Parvélo crée sa marque qu'elle veut exporter dans tout le Canada

L'entreprise de Victo conçoit et assemble ses vélos


Publié le 13 avril 2017

Avec, devant eux, deux modèles de marque Parvélo, se trouvent, de gauche à droite, Éric Alain, Samuel Jeanson, l'intervenante Geneviève Leblanc, Mathieu Gagné, Joshua Paquette, Jack Comtois, Geoffrey Poisson, Pascal Hamel, Tommy David-Leclerc, des travailleurs de Parvélo.

©Photo TC Media - Hélène Ruel

L'entreprise d'économie sociale Parvélo a donné un autre coup de pédale à ses activités. Non seulement, ses gens vendent des vélos neufs et usagés, en récupèrent et en réparent, les voici maintenant à créer leurs propres modèles.

Sur le Zen, l'enfant s'entraîne à maintenir son équilibre sur ce petit bicycle sans pédales, mais muni de freins pour lui apprendre à les manœuvrer.
Photo TC Media - Hélène Ruel

La gamme de ces vélos conçus et entièrement assemblés dans l'atelier de Parvélo du boulevard Jutras compte déjà trois modèles, le ParUrbain (un hybride confort), le Transit (un hybride performance) et le Zen, celui-ci étant un tout petit bicycle sans pédales, sur lequel l'enfant apprend à garder son équilibre.

Éric Alain montrant un prototype d'un troisième modèle à venir, l'Octane 27,5.
Photo TC Media - Hélène Ruel

Déjà, un autre modèle se profile dans le marché, l'Octane 27,5 doté de gros pneus, ayant l'allure d'un fat bike sans en être, mais pouvant faire l'affaire des amateurs de vélo de montagne.

Un autre se trouve déjà sur la table à dessin, l'Explore, pour ceux que les sentiers de gravelle n'effarouchent pas.

Directeur général de Parvélo depuis dix ans, Éric Alain explique que de concevoir une marque victoriavilloise s'inscrit tout à fait dans le contexte du marché et de la mission d'insertion de l'entreprise.

Il n'existe pratiquement plus d'usines de fabrication de vélos au Canada, malgré l'engouement pour ce sport, observe-t-il. Les prix ne cessent d'augmenter, rendant la pratique moins accessible pour les familles.

Les prix des vélos de l'entreprise victoriavilloise seraient non seulement concurrentiels, mais plus bas que leurs équivalents sur le marché, Parvélo voulant offrir, justement, une alternative aux familles.

Exporter au Canada

Aux 25 détaillants québécois chez qui on peut trouver la marque Parvélo, devraient s'en ajouter 15 autres l'an prochain, selon les objectifs ambitieux que se fixe le directeur général.

Il est allé jusqu'en Asie parce que c'est là qu'on fabrique 95% des cadres de vélos vendus dans le monde. «Il n'y aurait aucune rentabilité pour nous à vouloir en fabriquer.
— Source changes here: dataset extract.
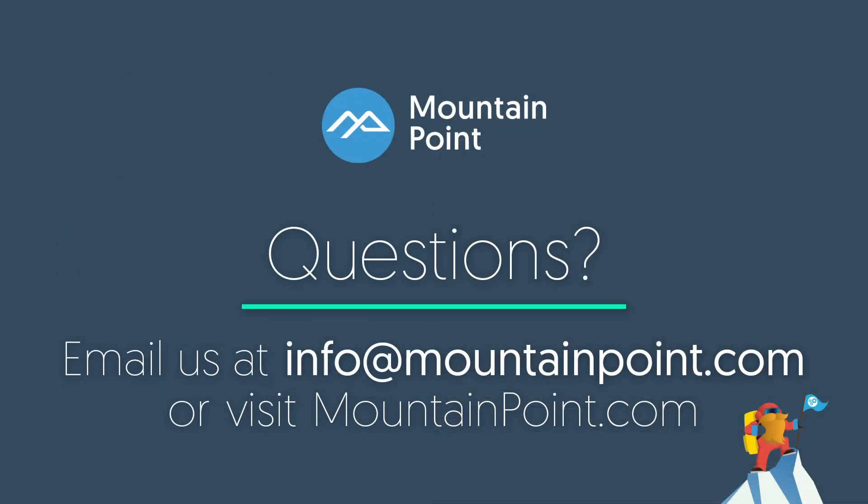To learn more about Field Service Lightning, please contact us at info@mountainpoint.com. That's info@mountainpoint.com. That's all for now. Please watch for future videos from Mountain Point.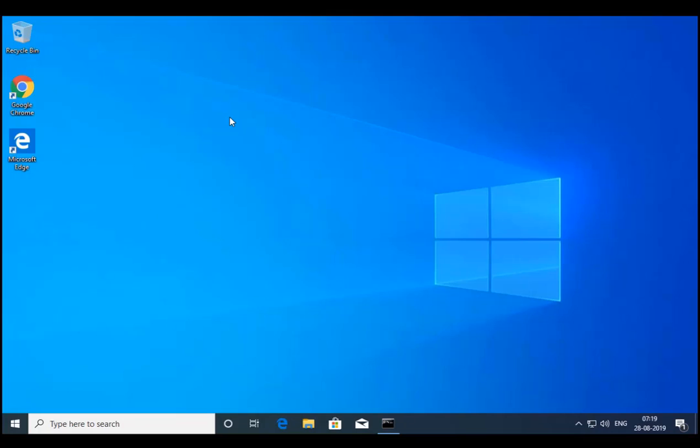So in this video, we are going to see how to install RSAT tools in Windows 10 1809 or 1903. It doesn't matter because from 1809 they have given this in Windows 10 operating system. So let's go ahead and just install RSAT in the 1903 update.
Alors, on les importe.»

Éric Alain et surtout le dessinateur et mentor Jack Trudel ont dessiné et conçu les cadres des modèles qu'ils proposent, achètent ou importent les autres pièces. Et ce sont les jeunes de Parvélo qui assemblent ces vélos qu'Éric Alain aime qualifier de «socialement responsables».

«C'est une nouvelle expérience de travail pour nos jeunes, une grande fierté», souligne encore le directeur général. C'est une chose de réparer un vélo, de le reconditionner, c'est une tout autre chose que d'en bâtir un de toutes pièces, ajoute-t-il.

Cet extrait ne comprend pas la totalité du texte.